9/07/2006

Cossacks in blue: McClellan and Turchin

In the midst of a most improbable family reunion back in November, the name of Union General John Turchin (shown right) came up.

My father's cousin Basil Rotoff, in from Canada, said that Turchin was a member of our Host, the Don Cossacks, and that there was a full biography of the man written in Russian. Uncle Basil put in a few good words for the hard war Turchin practiced, and in a room full of Cossacks, there was ready agreement.

I kept my own McClellanist mouth occupied with champagne and oysters, as it were.

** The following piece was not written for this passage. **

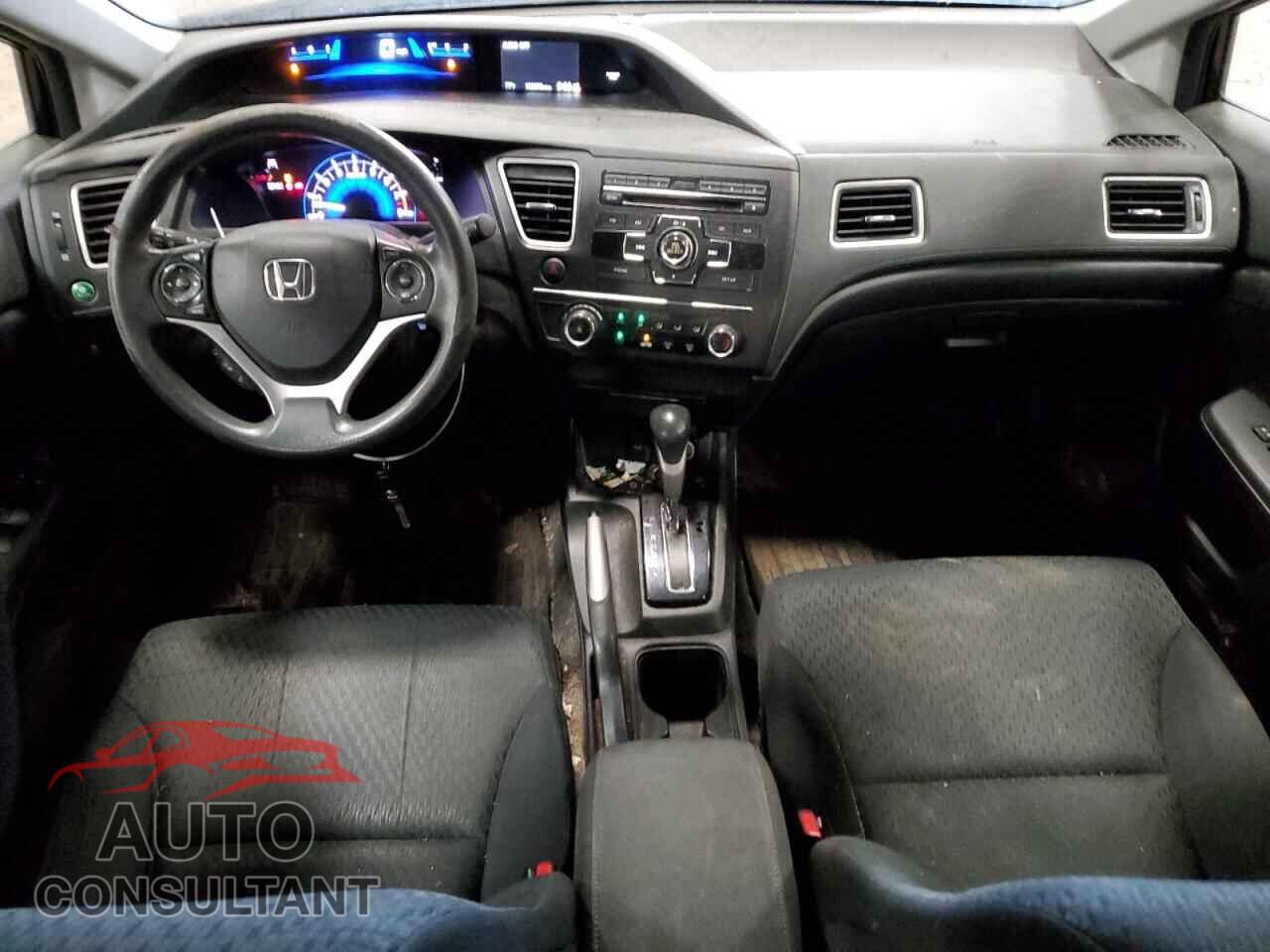 HONDA CIVIC 2015 - 19XFB2F5XFE031890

Uncle Basil pointed out that Turchin was the commanding officer of one of the Czar's imperial Don Cossack guards regiments. This would certainly have made him an acquaintance of our own kith and kin, I think, for they served in the same capacity long before his time and after.

Guards officers were members of the court. They were not cavalry militia scraping out a life on the frontier subject to retaliatory passions. This makes Turchin an odd duck, for he was both a revolutionary, Basil told me, and a sexual libertine given to mistresses. Turchin was also - as any Civil War reader knows - a scorched earth general.

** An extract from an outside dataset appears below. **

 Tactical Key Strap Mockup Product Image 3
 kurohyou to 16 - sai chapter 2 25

Moten tells us that when McClellan was in the Crimea, the French wanted nothing to do with him; the British were congenial but suspicious; but the Russians welcomed him wholeheartedly. This could have engendered that Russophilism Moten notes in GBM.

Taken into the bosom of the Russian army, McClellan concluded that Cossacks were a paradigm for a kind of frontier cavalry that could be repurposed for conventional war. A surmise: he did not get these ideas by associating with line officers, the kind who might have burned Athens, Georgia, in a trice. He spent time with the court's polished Guard Cossacks (right), who would have shown more "soft war" in their French conversation (French being a language of the court and McClellan being a French reader and speaker). The question arises as to whether McClellan might have associated hard war with an American-model Cossack-style cavalry. On the frontier, perhaps, but in conventional war?

I have good reason to suspect that hard war John Turchin met soft war George McClellan in the Crimea, not that either was advocating for a particular policy at that time. Turchin's Don Cossack Guard regiment was there - my own family history tells us so. Also interesting, is this item of information:

In 1856, at the end of the Crimean War, the Turchins immigrated to Chicago, Illinois, where he found work in the engineering department of the Illinois Central Railroad.
The chief engineer in that department was one George B. McClellan. Had McClellan's draft cavalry regulations, submitted to Secretary of War Jefferson Davis as appendices to his Delafield report, owed anything to John Turchin? In other words, did Turchin impose upon a friendship?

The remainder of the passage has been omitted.